Having created these 60 million extra deaths at their own sweet will out of nothing, the authors then proceed to allocate them over the years 1953 to 1964, arbitrarily attributing a higher portion to the great leap years in particular. The arbitrariness is clear from the variation in their own manipulations of the figures. Coale’s allocation raises his peak death rate in 1960 to 38.8 per thousand while Banister is bolder and raises it to 44.6 compared to the official 25.4 for that year, and 30 million ‘famine deaths’ are claimed over the Great Leap years after all this smart legerdemain. Having violated every tenet of reason, these ‘academics’ may as well have allocated all their imaginary deaths to the Great Leap years and claimed that 60 million died — why hang themselves only for a lamb rather than for a sheep! Seldom have we seen basic norms of academic probity and honesty being more blatantly violated, than in this travesty of statistical ‘estimates.’ And seldom have noted intellectuals, who might have been expected to show more common sense, shown instead more credulous naïveté and irresponsibility, by accepting without investigation and propagating such nonsensical ‘estimates,’ giving them the status of historical fact. In the process, they have libelled and continue to libel Mao Zedong, a great patriot and revolutionary. They have unwittingly confirmed the principle attributed to Goebbels — that a lie has to be a really big lie and be endlessly repeated; then it is bound to be believed.

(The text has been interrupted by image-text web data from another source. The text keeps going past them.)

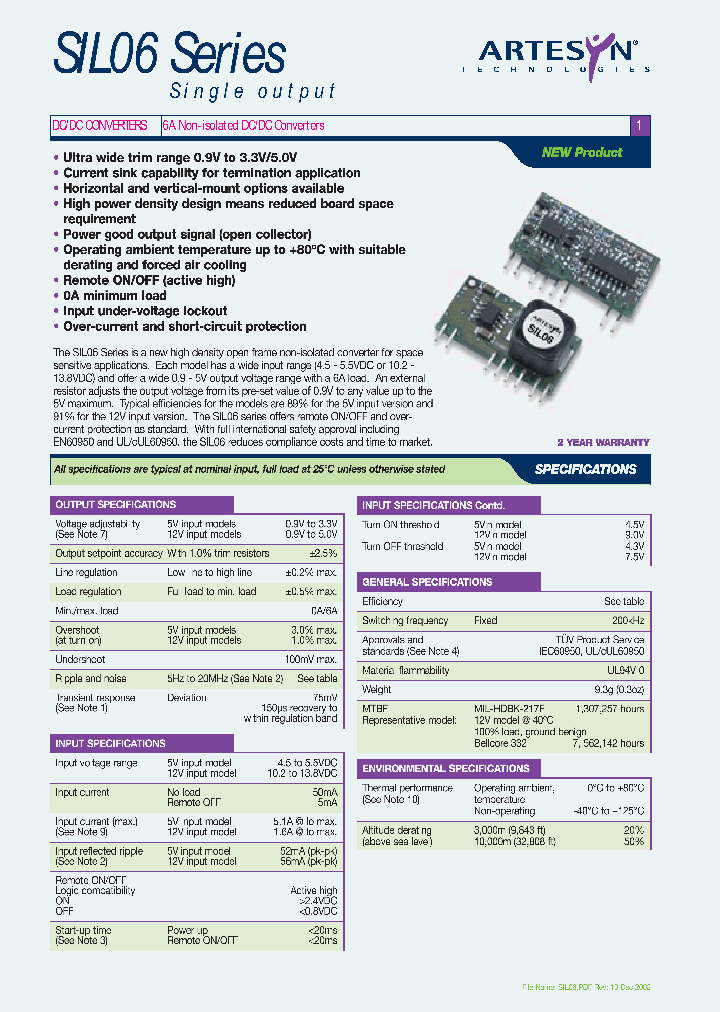 SIL06_450636.PDF Datasheet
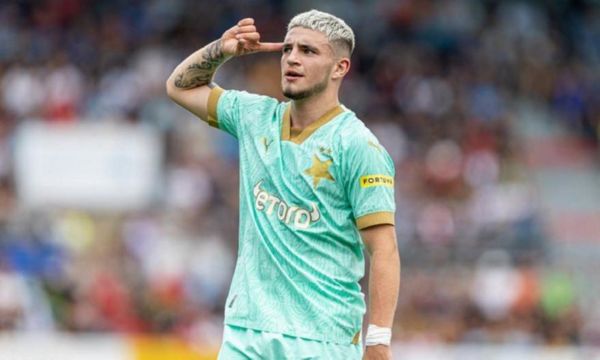 Ζαφείρης ΠΑΟΚ Σλάβια Πράγας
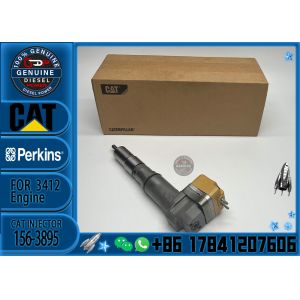 1563895 1697408 Engine Parts Fuel Injector 156-3895 169-7408 171-9704 For CAT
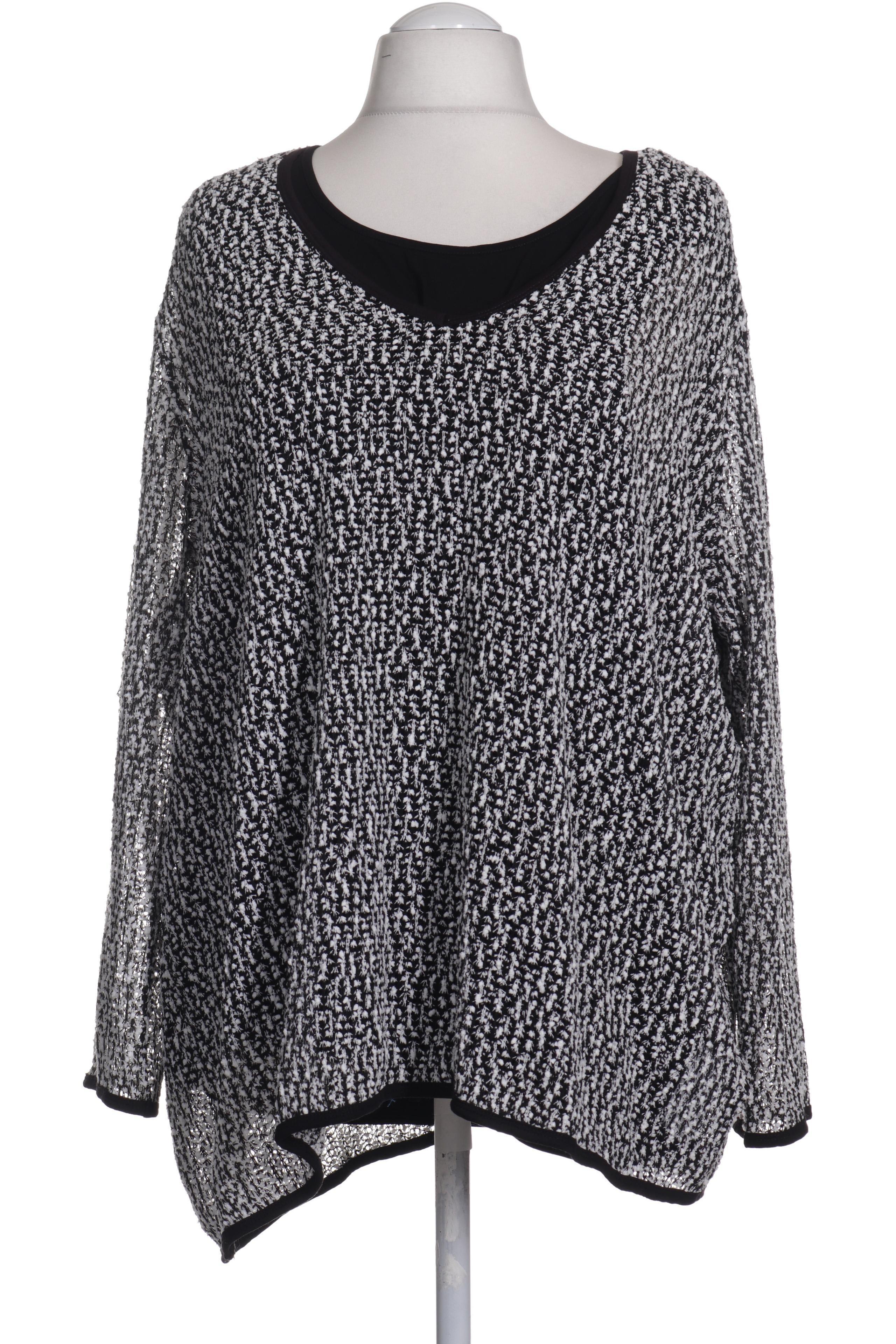 

VIA Appia DUE Damen Pullover, schwarz, Gr. 52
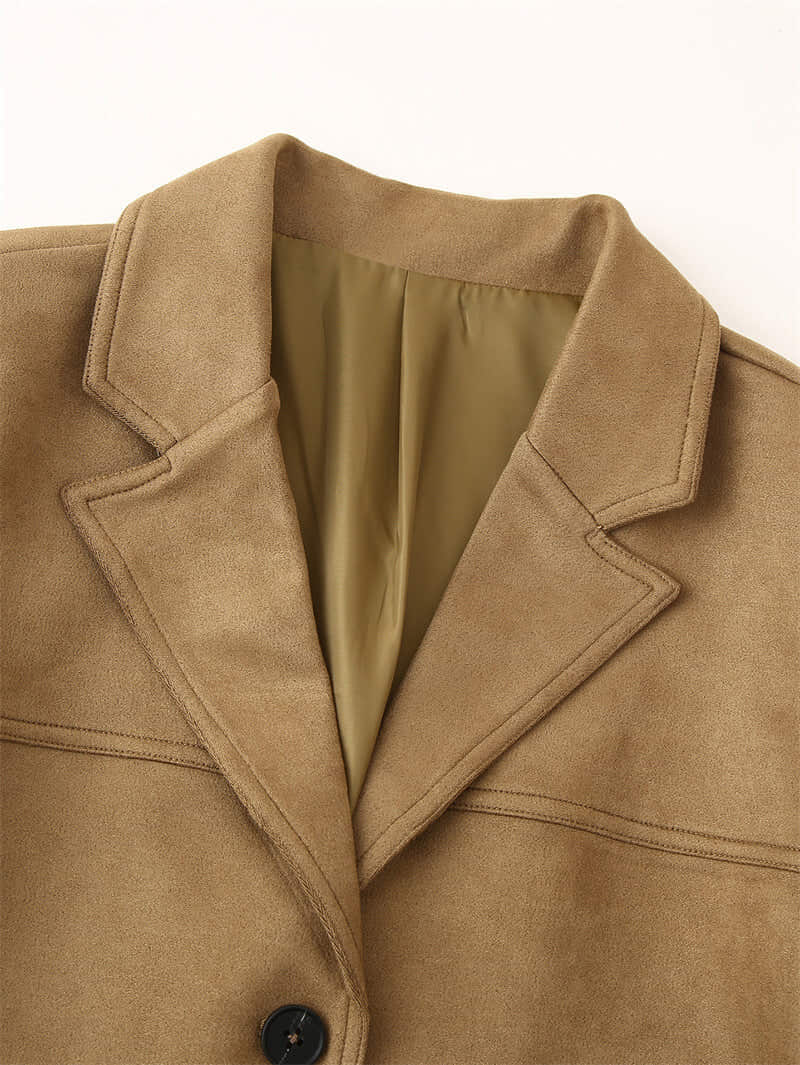 New Suede Blazer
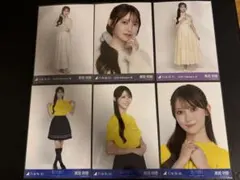 乃木坂46 生写真 黒見明香 my respect tシャツ コンプ ワンピ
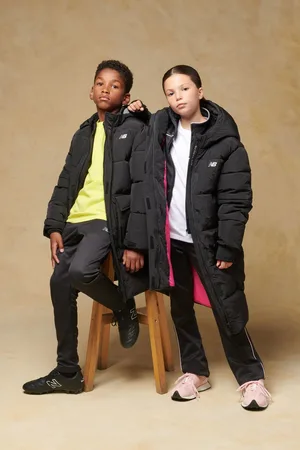 New Balance Girls Girls NB Longline Puffer Coat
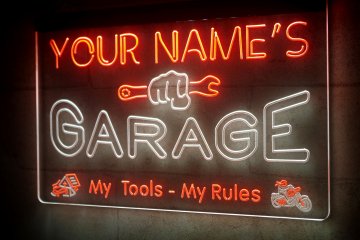 LX1139 Your Names Garage My Tools Rules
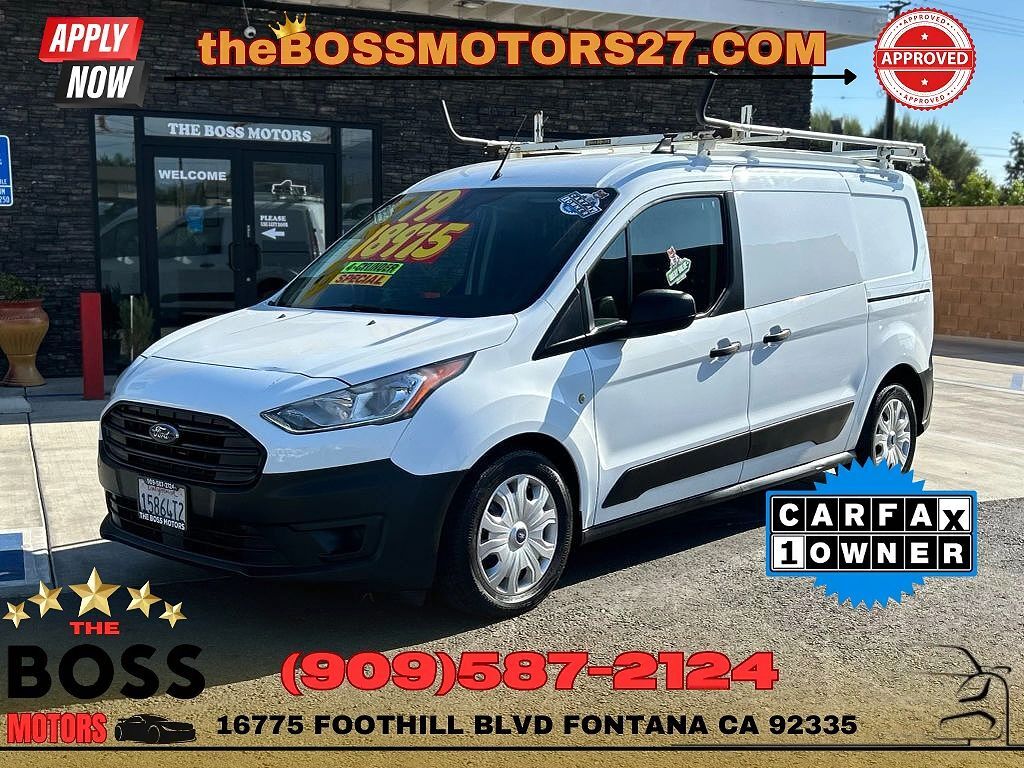 2019 FORD Transit
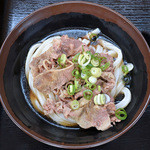 木の崎うどん - 肉ぶっかけ冷
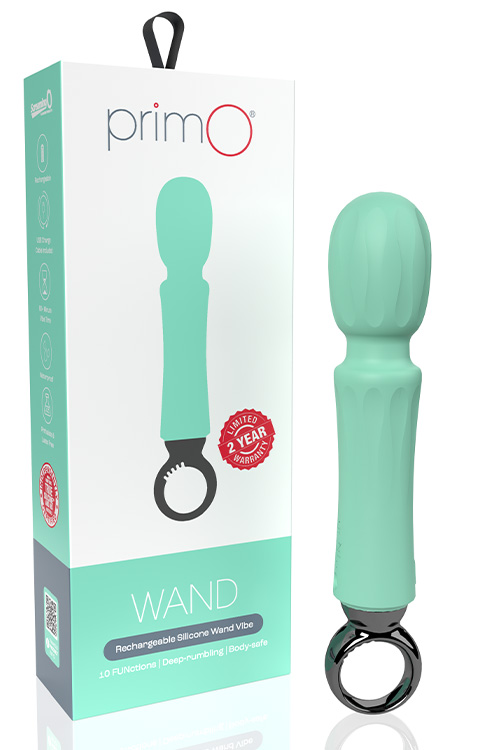 Screaming O PrimO Wand 7.5&quot; Vibrating Wand Massager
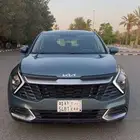 سبورتاج 2023 بنزين سعودي نظيفة جدا مكينة كبيره وكالة بالكامل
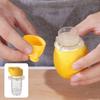 Portable Mini Manual Lemon Juicer Hand Held Resuable Citrus Juicer Lemon Squeezer for Lemon Orange Limes Citrus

Thirty million or three crores is not a small figure. When one million people died in Britain’s colony, Ireland, in 1846-47, the world knew about it. When three million people died in the 1943-44 Bengal famine, the fact that a famine occurred was known. Yet 30 million people are supposed to have died in China without anyone knowing at that time that a famine took place. The reason no one knew about it is simple, for a massive famine did not take place at all. The intellectuals who quote the massive famine deaths figure of 30 million today are no doubt outstandingly clever in the small, im kleinen, but are proving themselves to be rather foolish im grossen, in the large. A person has to be very foolhardy indeed to say that 30 million people died in a famine without anyone including the foreign diplomats in China and the China-watchers abroad having the slightest inkling of it. And those who credulously believe this claim and uncritically repeat it show an even greater folly than the originators of the claim.